Liebe Freunde scharfer Gesetze!
Killer-Kühe, Blutbeutel-Sportler und Politiker rechts des Rechtes!

Selten zuvor waren unsere Emotionen beim Konsum täglicher Nachrichten ärger strapaziert, als in den vergangenen Wochen und Monaten. Zwischen sensationsheischender Berichterstattung und populistischer Forderung nach anlassbezogener Gesetzesänderungen klaren Kopf zu bewahren, ist da nicht immer leicht.
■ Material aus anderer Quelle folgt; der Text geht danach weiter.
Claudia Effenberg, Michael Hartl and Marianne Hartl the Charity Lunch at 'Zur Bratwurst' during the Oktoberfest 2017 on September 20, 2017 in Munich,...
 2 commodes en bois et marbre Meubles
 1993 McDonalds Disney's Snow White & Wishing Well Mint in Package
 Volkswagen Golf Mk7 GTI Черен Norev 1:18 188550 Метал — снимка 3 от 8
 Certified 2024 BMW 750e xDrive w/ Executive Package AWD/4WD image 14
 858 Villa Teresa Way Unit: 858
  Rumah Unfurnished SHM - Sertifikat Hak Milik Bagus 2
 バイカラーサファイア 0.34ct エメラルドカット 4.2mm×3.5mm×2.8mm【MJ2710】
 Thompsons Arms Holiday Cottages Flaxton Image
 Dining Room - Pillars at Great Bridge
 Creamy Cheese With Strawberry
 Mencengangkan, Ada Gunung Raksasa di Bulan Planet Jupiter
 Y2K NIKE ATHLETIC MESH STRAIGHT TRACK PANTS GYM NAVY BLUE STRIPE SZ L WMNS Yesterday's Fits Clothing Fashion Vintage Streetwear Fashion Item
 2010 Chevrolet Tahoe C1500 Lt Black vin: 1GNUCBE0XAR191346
Emotional hochgeschaukelt durch sportlichen Dopingbetrug und einem Strafausmaß von knapp 500.000 Euro für einen Bauern, dessen Kuh eine Frau zu Tode getrampelt hat, nur weil deren Hund an der Leine war. Da laufen die Meinungen heiß. Einer meiner Kollegen, den ich bis dato als durchaus vernunftbegabt eingeschätzt habe, meinte zum umstrittenen Kuh-Urteil, dass alle Köter erschossen gehören. Vor dieser schrecklichen Selbstjustiz verschont blieben beim Kaffee-Kränzchen die Dopingsünder. Sie lösten eher Sprachlosigkeit aus. Denn schließlich sind es ja wir selbst, die es beim Wettbewerb der Körper immer höher, schneller und weiter wollen. Da meinten manche sogar, es wäre ehrlicher, man ließe die Athleten ganz offiziell in ihre Venen spritzen, was sie wollen. Was bei der Entwicklung von Medikamenten den einen oder anderen Tierversuch ersparen würde. Grundsätzlich einig sind sich die Selbstgerechten, dass Menschen wie Tiere schon vor Begehen einer Tat aus dem Verkehr gezogen gehören. Sicherheitsverwahrung hieße hier das Zauberwort. Oder wie es Otto Grünmandl, der leider schon verstorbene Tiroler Kabarettist, in weiser Vorahnung formuliert hat: Alle Verdächtigen gehören eingesperrt! Um das zu realisieren, brauchen wir mehr Gefängnisse, Käfige und Spürnasen, die Täter schon im Vorhinein erkennen. Natürlich auch Richter für zielgerechte Vorverurteilungen. Oder Versicherungen, die alle schadlos halten. Außer jene Ausländer, die an allem Schuld sind. Ich fordere mehr Bier für die Stammtische. Um Köpfe abzukühlen!